Did you know rent controls differ from province to province? This variance across Canada is a reason why I feel the Price to Rent Ratio, often cited by housing bears as proof of a Canadian housing bubble, is inaccurate at best. When there are government-imposed caps on rent increases in some provinces and not in others, while the resale market Canada-wide is bound only by supply/demand fundamentals, then of course the ratio will be skewed.
Alberta is one province that has no maximum limit as to how high a landlord can increase rent – but there are still guidelines that must be followed.
There are no controls on the amount of a rent increase, but it can only be increased if there has not been a rent increase within the previous 365 days or since the start of the tenancy, whichever is later.
Before the rent can be increased the landlord must give written notice in advance.
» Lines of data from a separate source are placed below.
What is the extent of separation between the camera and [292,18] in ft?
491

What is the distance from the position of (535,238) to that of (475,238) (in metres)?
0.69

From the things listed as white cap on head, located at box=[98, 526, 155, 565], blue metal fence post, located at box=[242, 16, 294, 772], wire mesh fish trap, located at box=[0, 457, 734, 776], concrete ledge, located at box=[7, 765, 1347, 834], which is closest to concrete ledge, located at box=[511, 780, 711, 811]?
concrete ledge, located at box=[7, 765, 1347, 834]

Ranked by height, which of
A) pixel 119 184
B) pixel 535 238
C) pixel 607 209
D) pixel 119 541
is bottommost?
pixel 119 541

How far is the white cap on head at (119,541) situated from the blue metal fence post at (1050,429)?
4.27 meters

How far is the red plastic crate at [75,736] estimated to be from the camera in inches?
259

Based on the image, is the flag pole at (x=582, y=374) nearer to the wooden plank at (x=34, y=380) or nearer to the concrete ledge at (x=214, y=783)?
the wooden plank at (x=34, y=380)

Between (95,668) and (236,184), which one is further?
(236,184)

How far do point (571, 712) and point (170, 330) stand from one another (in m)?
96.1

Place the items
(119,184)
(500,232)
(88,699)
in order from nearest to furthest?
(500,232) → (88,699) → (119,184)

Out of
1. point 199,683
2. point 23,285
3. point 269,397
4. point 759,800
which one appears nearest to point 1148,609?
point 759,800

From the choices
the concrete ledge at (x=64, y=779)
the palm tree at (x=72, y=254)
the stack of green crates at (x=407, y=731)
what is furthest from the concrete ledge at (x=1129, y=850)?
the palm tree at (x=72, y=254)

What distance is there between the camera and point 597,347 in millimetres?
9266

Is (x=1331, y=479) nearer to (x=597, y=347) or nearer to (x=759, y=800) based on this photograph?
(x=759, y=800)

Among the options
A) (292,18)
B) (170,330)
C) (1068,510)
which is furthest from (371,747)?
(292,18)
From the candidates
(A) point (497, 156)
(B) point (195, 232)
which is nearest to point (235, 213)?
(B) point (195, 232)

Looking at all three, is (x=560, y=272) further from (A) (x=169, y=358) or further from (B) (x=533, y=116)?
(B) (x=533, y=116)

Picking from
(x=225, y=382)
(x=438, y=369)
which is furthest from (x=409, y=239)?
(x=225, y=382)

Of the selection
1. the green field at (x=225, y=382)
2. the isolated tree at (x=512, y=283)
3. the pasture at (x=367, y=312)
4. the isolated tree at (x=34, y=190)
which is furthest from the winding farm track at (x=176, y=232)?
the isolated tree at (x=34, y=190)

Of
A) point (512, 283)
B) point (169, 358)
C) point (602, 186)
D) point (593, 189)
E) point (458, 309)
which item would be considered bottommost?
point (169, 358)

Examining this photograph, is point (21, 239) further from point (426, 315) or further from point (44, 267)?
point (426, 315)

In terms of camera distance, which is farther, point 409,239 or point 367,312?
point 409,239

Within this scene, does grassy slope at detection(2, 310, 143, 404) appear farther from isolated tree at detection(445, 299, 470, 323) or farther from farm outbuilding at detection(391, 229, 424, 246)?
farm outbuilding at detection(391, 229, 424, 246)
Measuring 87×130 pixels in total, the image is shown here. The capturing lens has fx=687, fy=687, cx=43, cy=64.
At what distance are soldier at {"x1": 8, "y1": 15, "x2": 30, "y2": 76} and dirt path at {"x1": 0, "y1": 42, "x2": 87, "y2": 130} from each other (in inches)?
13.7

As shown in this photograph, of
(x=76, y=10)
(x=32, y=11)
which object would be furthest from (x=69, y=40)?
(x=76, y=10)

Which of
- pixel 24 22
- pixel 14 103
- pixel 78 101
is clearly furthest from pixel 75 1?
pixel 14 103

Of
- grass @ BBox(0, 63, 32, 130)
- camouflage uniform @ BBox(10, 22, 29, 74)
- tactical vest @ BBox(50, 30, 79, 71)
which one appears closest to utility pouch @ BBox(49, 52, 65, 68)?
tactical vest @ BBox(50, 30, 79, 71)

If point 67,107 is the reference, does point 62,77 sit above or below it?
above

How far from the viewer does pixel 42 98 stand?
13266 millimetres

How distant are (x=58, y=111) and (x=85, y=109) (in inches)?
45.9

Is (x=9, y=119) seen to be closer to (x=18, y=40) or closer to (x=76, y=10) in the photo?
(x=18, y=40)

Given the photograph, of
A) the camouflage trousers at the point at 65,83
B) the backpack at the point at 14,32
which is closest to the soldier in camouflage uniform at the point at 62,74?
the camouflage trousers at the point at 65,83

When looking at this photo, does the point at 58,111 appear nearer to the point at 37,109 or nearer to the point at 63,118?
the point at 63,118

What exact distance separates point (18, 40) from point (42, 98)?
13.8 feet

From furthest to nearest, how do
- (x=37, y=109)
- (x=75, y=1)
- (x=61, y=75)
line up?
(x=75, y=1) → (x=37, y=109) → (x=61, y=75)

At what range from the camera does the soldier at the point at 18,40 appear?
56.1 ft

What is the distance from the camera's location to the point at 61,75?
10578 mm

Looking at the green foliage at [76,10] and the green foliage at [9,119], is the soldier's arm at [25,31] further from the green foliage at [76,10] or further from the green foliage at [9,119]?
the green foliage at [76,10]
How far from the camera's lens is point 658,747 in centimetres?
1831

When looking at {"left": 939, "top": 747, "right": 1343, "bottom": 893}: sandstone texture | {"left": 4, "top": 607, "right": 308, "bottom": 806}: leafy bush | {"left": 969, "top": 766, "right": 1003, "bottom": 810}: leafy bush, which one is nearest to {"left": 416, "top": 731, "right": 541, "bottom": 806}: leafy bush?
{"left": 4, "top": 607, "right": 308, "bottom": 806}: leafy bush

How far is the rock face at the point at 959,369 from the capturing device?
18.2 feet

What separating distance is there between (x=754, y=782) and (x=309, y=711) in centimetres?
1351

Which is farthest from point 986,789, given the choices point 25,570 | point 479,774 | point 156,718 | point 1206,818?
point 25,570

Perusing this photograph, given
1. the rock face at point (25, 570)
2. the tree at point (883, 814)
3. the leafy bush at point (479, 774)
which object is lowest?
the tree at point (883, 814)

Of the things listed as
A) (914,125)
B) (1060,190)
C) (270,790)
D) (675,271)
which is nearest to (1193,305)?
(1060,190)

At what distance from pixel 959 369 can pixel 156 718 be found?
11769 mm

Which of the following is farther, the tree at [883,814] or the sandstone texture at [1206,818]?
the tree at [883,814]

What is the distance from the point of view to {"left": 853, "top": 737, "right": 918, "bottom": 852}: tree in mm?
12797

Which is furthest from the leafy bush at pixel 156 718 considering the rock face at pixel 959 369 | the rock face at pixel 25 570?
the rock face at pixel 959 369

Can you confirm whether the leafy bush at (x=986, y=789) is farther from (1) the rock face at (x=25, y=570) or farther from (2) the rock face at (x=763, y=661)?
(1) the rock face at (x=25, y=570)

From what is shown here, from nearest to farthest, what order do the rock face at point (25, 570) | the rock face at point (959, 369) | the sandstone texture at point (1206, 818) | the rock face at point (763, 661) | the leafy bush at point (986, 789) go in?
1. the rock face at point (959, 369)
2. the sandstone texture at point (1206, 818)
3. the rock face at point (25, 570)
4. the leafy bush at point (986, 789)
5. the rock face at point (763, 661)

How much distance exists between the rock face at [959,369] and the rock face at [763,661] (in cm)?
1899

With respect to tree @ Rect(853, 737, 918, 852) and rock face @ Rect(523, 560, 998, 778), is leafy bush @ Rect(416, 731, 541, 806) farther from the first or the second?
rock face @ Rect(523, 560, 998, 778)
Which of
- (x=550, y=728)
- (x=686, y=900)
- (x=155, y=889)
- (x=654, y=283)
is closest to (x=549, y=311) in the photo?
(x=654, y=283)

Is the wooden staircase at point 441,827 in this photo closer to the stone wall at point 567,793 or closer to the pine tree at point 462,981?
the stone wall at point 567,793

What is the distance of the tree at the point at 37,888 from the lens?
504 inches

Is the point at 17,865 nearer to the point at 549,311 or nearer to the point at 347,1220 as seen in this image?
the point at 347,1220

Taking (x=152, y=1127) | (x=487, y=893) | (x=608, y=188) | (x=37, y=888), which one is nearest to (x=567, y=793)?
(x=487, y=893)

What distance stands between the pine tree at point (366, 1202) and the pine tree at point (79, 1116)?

The specific timeframe is dependent on the term of the tenancy:
- weekly: 12 full tenancy weeks
- monthly: 3 full tenancy months
- any other periodic tenancy: 90 days
A notice of increase in rent must indicate the date on which the increase is to be effective and must be dated and signed by the landlord.
For mobile home sites, 180 days notice must be given by the landlord to raise the rent.
Below is a compilation of provincial fact sheets from the CMHC:
- Renting in Alberta
- Renting in British Columbia
- Renting in Manitoba
- Renting in New Brunswick
- Renting in Newfoundland and Labrador
- Renting in Northwest Territories
- Renting in Nova Scotia
- Renting in Nunavut
- Renting in Ontario
- Renting in Prince Edward Island
- Renting in Quebec
- Renting in Saskatchewan
- Renting in Yukon
- National (Canada-wide) Renting Information
Please note: landlord-tenant laws change from time to time in every province. This post and these linked guides are not intended to provide legal advice. If you require specific legal advice, contact your local rental authority or a lawyer.